Write out the entries below exactly, but only from the line containing "Photo #7 of" through the line containing "2011 Cadillac Srx", and without the pictures.

EXTRACTED INFORMATION:
==================================================

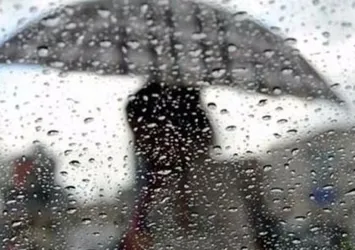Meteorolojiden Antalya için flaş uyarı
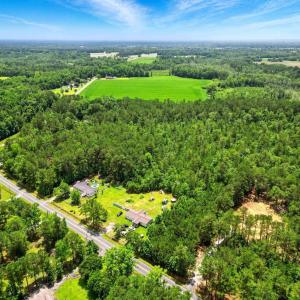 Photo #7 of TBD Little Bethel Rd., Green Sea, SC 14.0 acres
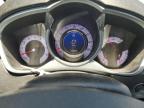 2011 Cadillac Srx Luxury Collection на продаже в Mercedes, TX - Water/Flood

==================================================

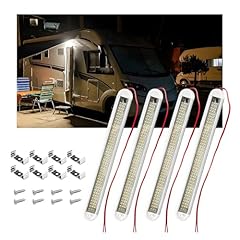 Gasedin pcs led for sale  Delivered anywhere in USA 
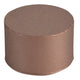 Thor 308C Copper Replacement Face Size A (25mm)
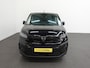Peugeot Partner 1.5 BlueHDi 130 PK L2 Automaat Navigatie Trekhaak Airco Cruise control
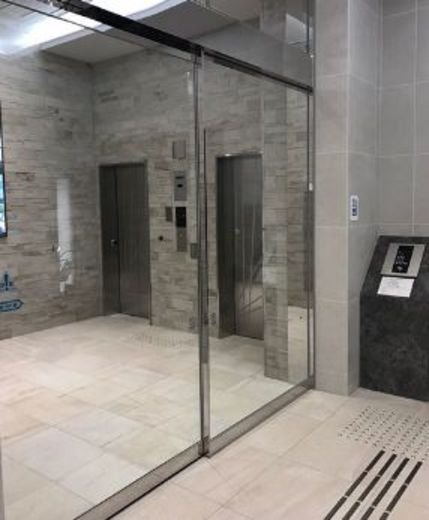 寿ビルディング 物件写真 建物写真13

==================================================

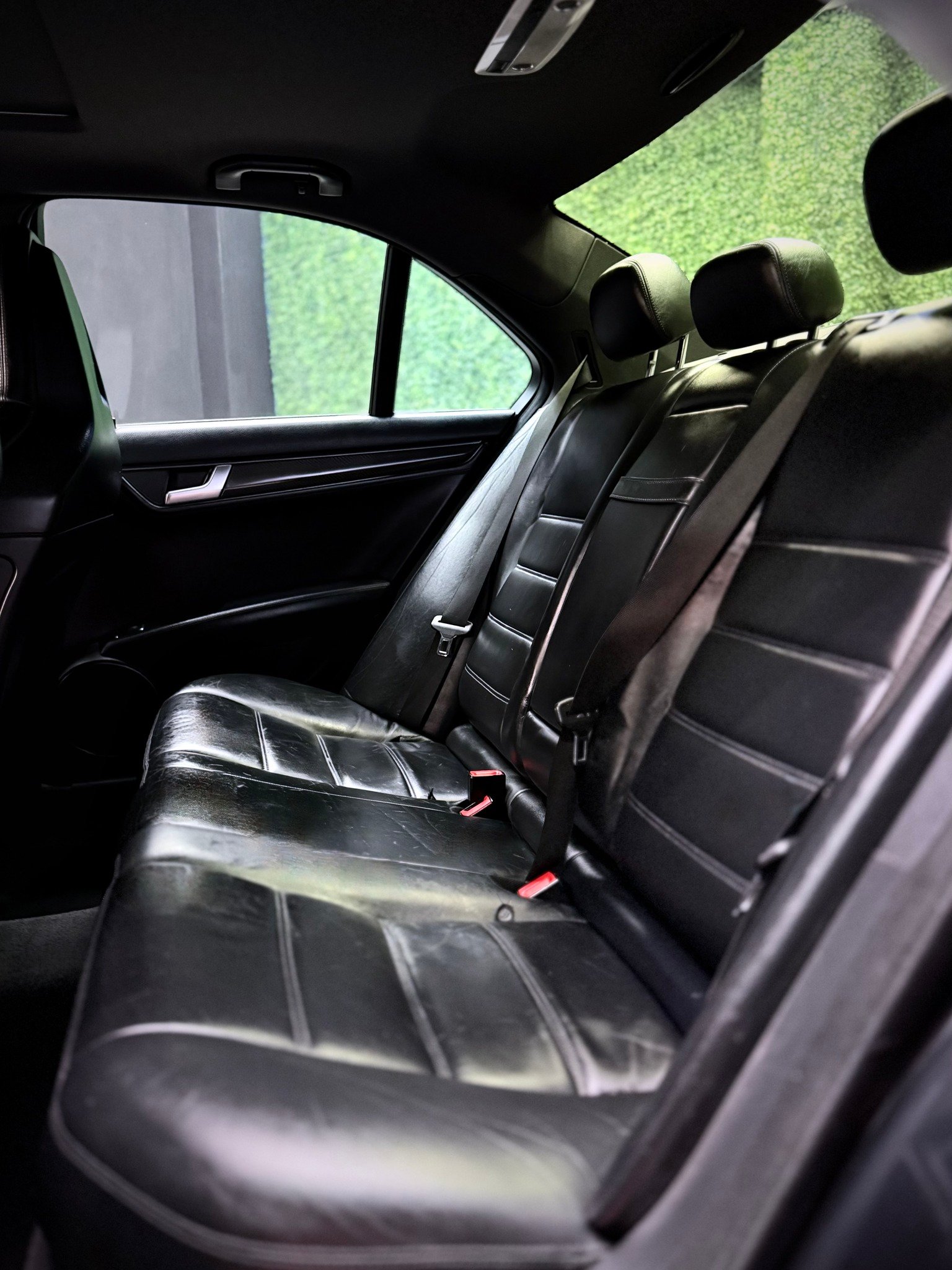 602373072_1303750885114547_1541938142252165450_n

==================================================

ANSWER TO THIS PROBLEM:
 Photo #7 of TBD Little Bethel Rd., Green Sea, SC 14.0 acres
 2011 Cadillac Srx Luxury Collection на продаже в Mercedes, TX - Water/Flood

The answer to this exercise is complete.